テクノロジー業界のCxOは、2030年までにネットゼロを目指すと回答した割合が他業界平均と比較して13%高く、2030年を超えて目標を達成する、もしくは計画がないと回答した割合は24%低かった。
表11-1 自社の二酸化炭素排出量についてカーボンゼロ達成計画があるかとの問いに回答した比率
全体的に見て、テック業界はネットゼロを達成するために、非テック業界よりも野心的な期限を設定している
日本の視点
日本技術の強みを生かした「守り」から「攻め」のアプローチが鍵
「ネットゼロを目指す競争」における日本企業の方向性として、電力消費量増大や出力が無秩序に変動する再生可能エネルギーへの対応(守り)から、GXイノベーション技術を用いた新ビジネスや、事業収益を超えた新たな付加価値の創出(攻め)への展開が期待される。

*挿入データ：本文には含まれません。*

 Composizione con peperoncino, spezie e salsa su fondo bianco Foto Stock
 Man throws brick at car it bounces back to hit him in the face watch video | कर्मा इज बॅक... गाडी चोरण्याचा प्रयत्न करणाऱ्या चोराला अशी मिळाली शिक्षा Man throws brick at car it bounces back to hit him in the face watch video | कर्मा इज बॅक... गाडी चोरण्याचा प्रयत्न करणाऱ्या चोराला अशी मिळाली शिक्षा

迅速な気候変動対策の要請に対し、日本のテクノロジー企業は自社のエネルギー調達をよりレジリエンスの高いものへ転換していく「守りのアプローチ」に加え、「強み」である粒度の細かいデータを把握・分析するためのモノづくり(ファインチューニング)を活かし、データドリブンなビジネスの創出や経営インサイトを企業価値の向上に繋げる「攻めのアプローチ」が勝機になると考えられる。
■AVOD/SVOD
グローバル版
視聴者によるAVOD受容性向上
2023年末までに先進国における消費者の2/3が、月に一度はAVODサービスを利用するようになると予測している。これは前年(2022年)から5%の増加にあたる。
日本の視点
国内動画配信市場の「起爆剤」 となるポテンシャルを持つも、その普及は道半ば
地上波など無料でコンテンツを視聴できるサービスが多く存在している日本では、グローバルと比較をするとVODサービスがまだ普及しきれていない状況にある。そのような中、国内でもAVODサービスのキラーコンテンツ投入やSVODサービスの広告プラン開始、事業者の合従連衡などの動きが起きつつある。事業者の参入メリットの訴求と、ユーザー基盤を維持・拡大するためのサービス差別化が今後の論点になると考えられる。
■スポーツストリーミング
グローバル版
ストリーミング市場の次の舞台
2023年のグローバル市場において、ストリーミング事業者がメジャースポーツ放映権に60億米ドル以上を費やすと予測している。ストリーミング事業者のスポーツ放映権への投資は、額は小さいが市場にとって重要であり、ストリーミング事業者と大手スポーツリーグ間の相互依存が進んでいる。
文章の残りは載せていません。